Matillion Data Quality Framework
When you’re using Matillion to build data processing jobs, you are acting as a data consumer. There are upstream systems (probably many) in which primary producers are actively creating data. But by the time that data becomes input, it’s read-only and is non-negotiable.
Having and delivering good quality data helps create accurate measurements and forecasts, and enables the business to make sound and auditable decisions. But nevertheless, data quality is not a goal in itself. If a good decision can still be made when half the data is missing, then half is enough. If there are known inaccuracies but they average out, then it’s accurate enough.
How do you determine exactly what is “good enough”? There are often attempts to create numeric data quality values. These are meaningless. As this article will argue later, context is everything, and numeric data quality values are at best unhelpful.

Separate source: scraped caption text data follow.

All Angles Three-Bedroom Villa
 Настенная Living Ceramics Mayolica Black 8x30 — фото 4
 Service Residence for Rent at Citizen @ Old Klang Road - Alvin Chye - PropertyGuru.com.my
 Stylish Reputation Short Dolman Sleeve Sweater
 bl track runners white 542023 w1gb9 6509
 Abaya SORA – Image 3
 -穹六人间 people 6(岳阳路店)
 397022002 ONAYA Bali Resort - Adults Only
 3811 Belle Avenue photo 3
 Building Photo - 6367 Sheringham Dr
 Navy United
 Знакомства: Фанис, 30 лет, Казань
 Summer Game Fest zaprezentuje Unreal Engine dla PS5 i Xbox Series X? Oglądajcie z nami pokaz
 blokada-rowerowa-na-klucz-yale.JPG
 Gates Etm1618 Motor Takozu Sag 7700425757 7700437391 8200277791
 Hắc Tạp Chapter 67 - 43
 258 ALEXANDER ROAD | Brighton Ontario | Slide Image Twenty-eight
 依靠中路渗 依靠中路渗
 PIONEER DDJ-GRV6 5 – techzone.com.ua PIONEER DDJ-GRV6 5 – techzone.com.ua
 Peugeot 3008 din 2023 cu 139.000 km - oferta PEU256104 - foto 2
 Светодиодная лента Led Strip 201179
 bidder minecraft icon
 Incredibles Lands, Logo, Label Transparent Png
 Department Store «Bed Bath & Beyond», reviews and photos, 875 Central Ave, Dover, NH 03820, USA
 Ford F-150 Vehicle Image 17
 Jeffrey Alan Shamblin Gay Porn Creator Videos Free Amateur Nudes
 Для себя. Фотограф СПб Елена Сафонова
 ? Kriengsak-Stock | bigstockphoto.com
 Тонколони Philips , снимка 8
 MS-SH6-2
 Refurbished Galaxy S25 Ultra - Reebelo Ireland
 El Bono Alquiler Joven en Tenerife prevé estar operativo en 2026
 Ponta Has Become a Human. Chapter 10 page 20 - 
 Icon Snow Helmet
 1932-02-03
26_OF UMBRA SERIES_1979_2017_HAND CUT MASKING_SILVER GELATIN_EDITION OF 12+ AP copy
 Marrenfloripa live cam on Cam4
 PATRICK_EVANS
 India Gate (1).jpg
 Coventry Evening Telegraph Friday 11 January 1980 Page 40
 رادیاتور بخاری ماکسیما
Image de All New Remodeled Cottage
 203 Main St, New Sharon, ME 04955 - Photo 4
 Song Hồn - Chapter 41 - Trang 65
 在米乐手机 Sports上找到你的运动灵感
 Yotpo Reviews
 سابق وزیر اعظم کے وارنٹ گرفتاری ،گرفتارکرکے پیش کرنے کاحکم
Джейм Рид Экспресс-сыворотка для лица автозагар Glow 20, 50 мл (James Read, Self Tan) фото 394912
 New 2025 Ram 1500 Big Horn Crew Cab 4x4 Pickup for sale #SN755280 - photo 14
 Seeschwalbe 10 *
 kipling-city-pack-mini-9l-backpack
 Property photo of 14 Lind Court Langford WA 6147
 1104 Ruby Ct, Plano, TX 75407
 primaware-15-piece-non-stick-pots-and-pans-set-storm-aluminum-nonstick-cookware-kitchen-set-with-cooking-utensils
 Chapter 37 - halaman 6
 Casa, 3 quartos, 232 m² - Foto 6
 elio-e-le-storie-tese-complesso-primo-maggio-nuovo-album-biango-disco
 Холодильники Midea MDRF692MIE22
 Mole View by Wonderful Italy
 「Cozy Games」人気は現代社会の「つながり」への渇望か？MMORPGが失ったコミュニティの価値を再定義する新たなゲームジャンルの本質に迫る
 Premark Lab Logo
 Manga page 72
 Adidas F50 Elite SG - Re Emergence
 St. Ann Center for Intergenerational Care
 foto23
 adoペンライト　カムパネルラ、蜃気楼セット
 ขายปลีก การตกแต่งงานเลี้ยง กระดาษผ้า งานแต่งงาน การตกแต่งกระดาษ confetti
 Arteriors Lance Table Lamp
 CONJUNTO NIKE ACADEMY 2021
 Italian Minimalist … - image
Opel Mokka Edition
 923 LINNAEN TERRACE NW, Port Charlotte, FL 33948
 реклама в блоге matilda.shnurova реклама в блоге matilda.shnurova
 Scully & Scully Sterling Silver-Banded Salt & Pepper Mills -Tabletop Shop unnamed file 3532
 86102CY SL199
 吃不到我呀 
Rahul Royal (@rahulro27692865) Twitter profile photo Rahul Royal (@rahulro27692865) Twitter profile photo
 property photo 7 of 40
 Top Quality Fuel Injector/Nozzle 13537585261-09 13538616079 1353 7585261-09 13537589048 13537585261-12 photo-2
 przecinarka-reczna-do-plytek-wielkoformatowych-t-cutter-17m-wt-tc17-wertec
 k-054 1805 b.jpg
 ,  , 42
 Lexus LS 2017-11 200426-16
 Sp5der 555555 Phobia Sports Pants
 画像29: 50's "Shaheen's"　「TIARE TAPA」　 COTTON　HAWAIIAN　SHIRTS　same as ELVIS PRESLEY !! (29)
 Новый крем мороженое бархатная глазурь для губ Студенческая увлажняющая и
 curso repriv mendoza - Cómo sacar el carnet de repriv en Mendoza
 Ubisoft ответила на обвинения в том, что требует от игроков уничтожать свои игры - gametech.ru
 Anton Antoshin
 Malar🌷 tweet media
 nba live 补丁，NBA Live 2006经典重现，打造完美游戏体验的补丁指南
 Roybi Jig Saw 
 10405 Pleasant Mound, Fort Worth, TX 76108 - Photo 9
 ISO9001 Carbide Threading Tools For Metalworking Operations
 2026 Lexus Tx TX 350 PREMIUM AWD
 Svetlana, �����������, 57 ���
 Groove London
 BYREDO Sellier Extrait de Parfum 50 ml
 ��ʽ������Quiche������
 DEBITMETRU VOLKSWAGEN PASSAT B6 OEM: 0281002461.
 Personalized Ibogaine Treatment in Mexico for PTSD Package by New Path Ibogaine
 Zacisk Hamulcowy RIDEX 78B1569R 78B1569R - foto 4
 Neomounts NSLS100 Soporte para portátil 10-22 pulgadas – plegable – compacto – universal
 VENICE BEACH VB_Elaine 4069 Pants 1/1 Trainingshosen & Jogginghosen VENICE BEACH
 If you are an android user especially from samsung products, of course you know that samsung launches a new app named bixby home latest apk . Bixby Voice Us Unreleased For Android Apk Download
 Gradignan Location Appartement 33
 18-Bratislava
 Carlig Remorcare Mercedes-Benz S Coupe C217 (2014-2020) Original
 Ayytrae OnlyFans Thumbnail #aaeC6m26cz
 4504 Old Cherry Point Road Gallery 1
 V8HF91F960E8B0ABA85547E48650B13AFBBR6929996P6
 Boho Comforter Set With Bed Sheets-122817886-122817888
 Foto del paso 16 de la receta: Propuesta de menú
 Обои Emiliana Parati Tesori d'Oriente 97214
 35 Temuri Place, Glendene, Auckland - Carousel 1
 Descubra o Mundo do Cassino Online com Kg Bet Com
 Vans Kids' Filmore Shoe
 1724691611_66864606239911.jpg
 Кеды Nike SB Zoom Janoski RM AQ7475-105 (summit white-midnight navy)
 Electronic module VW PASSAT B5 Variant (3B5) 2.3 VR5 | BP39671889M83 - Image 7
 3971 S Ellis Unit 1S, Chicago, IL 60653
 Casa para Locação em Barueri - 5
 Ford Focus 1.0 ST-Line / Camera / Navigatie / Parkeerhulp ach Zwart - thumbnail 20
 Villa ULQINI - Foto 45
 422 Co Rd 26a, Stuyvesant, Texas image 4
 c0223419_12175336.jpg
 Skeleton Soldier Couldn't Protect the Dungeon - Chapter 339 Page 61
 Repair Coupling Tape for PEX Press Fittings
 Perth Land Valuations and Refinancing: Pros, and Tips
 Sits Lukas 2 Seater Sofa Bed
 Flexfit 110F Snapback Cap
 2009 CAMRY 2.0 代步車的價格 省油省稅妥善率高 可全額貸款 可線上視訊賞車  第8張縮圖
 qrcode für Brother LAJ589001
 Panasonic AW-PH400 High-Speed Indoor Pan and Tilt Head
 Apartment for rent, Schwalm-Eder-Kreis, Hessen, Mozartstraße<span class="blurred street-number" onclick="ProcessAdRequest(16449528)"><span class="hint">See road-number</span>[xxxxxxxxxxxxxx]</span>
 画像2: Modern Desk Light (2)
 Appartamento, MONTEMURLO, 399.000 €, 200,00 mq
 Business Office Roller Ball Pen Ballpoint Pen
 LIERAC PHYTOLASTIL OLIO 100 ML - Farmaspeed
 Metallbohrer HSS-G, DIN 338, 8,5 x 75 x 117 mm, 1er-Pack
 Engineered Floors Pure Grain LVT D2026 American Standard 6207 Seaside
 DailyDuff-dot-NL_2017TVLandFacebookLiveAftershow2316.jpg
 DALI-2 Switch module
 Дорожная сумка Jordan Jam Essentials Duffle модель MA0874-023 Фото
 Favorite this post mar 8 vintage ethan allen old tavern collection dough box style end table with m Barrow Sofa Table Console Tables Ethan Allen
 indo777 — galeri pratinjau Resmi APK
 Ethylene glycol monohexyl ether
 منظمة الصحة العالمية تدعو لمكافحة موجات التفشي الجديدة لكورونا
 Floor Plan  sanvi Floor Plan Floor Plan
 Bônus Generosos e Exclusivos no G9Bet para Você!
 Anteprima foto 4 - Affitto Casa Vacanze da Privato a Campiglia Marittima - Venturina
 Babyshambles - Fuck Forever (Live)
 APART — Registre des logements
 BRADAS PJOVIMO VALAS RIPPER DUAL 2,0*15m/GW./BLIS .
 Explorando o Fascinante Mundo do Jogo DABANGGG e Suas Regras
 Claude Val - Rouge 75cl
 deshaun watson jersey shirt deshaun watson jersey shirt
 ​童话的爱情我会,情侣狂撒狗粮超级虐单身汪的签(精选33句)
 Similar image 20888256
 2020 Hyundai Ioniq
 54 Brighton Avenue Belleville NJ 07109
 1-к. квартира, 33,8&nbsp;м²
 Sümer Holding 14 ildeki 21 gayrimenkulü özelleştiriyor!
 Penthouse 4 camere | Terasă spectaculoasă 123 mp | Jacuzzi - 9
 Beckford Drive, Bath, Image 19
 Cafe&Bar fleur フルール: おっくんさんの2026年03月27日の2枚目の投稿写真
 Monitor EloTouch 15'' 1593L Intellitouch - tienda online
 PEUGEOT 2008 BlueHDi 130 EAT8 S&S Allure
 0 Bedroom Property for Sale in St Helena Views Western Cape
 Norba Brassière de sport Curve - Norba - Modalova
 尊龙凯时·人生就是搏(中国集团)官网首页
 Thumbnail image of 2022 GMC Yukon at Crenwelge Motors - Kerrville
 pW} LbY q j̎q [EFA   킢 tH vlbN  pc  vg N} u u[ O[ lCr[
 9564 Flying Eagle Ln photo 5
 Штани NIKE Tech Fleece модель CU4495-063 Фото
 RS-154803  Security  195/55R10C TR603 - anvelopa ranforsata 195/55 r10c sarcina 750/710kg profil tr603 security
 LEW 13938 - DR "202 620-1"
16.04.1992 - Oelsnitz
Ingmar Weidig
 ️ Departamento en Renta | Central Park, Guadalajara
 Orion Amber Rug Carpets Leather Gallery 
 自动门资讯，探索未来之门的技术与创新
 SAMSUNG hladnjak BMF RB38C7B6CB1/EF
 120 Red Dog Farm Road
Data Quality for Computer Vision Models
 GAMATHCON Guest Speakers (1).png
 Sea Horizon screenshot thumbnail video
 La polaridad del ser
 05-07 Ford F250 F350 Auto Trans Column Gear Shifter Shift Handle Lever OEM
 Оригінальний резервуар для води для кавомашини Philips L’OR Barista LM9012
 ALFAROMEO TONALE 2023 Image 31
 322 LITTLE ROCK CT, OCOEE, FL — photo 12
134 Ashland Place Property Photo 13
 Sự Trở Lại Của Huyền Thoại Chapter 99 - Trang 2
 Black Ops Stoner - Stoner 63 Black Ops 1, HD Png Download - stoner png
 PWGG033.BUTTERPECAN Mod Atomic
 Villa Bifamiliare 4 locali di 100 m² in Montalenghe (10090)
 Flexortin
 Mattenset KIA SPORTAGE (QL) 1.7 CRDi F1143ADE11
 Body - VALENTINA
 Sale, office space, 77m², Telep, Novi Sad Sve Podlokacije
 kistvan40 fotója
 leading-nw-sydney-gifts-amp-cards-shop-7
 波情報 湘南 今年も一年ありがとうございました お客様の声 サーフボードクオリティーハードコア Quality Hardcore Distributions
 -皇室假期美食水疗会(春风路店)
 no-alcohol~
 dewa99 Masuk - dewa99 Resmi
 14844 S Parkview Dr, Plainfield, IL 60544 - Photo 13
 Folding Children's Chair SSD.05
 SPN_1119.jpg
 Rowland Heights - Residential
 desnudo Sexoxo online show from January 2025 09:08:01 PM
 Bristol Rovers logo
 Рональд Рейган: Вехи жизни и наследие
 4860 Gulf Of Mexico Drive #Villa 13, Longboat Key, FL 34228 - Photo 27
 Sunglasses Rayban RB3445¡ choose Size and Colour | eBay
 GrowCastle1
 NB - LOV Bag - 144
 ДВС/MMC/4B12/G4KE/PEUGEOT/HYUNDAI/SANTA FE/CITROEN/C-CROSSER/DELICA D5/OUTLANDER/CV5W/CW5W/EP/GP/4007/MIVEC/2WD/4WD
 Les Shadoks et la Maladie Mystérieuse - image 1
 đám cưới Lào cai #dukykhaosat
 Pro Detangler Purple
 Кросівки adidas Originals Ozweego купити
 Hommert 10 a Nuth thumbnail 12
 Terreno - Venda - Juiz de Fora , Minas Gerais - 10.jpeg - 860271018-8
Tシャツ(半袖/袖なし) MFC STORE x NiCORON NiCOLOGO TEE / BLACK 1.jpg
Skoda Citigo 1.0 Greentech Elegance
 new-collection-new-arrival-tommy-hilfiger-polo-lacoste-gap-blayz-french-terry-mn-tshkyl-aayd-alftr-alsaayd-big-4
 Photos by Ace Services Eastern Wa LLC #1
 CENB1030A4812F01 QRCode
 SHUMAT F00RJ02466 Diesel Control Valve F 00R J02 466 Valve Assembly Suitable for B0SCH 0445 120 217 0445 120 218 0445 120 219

The Matillion data processing system is certainly a great place to thoroughly check the data that’s provided to it. It’s important to audit and report back on data that doesn’t look right, because:
- There may actually be real, and unknown, problems at source
- Nobody else will (or even can) check data in this way
- You may just be reading it wrongly
This article will describe some common methods for checking source data quality in Matillion data transformation jobs.
While implementing these checks, remember to check first of all that you’re interpreting the data correctly, because in fact the source data is actually 100% perfect…
Source data is always perfect!
If a live source system is good enough to run the business operations, then by definition its data is fit for purpose and is perfect.
With regard to timeliness, there’s always a tradeoff between immediacy and integration. You can only integrate data sources once they have all become available. If customers need more timely data then you’ll either need to tune the data processing to make it faster, or else stop trying to integrate the output with other, less-frequently available data.
Bearing in mind the above, the first rule of data quality is to keep an open dialog with business representatives, to discuss any problems which you think exist in the data.
You can start this by trying to quantify exactly what you think is wrong. What measurements are applicable to data quality, and how can you check them using Matillion?
Data Quality measurements are subjective
There are many ways to define objective, numeric data quality values, but they are not useful outside technical circles.
For example, an “airline flight” fact table might contain one million records. In fully 20% of these, the NumberOfLemonSoakedPaperNapkins column has no value! Also, 2% of the records have no destination airport. Obviously the lack of a destination is by far the more serious data quality problem, but this would not be reflected in a simple numeric metric.
As a second example, consider the consequences of accidental duplication. It would be immediately disastrous if an “aircraft reference” table contained just a single duplicate row. The business would not be able to reliably answer the enormously significant question “how many A380’s do we own?”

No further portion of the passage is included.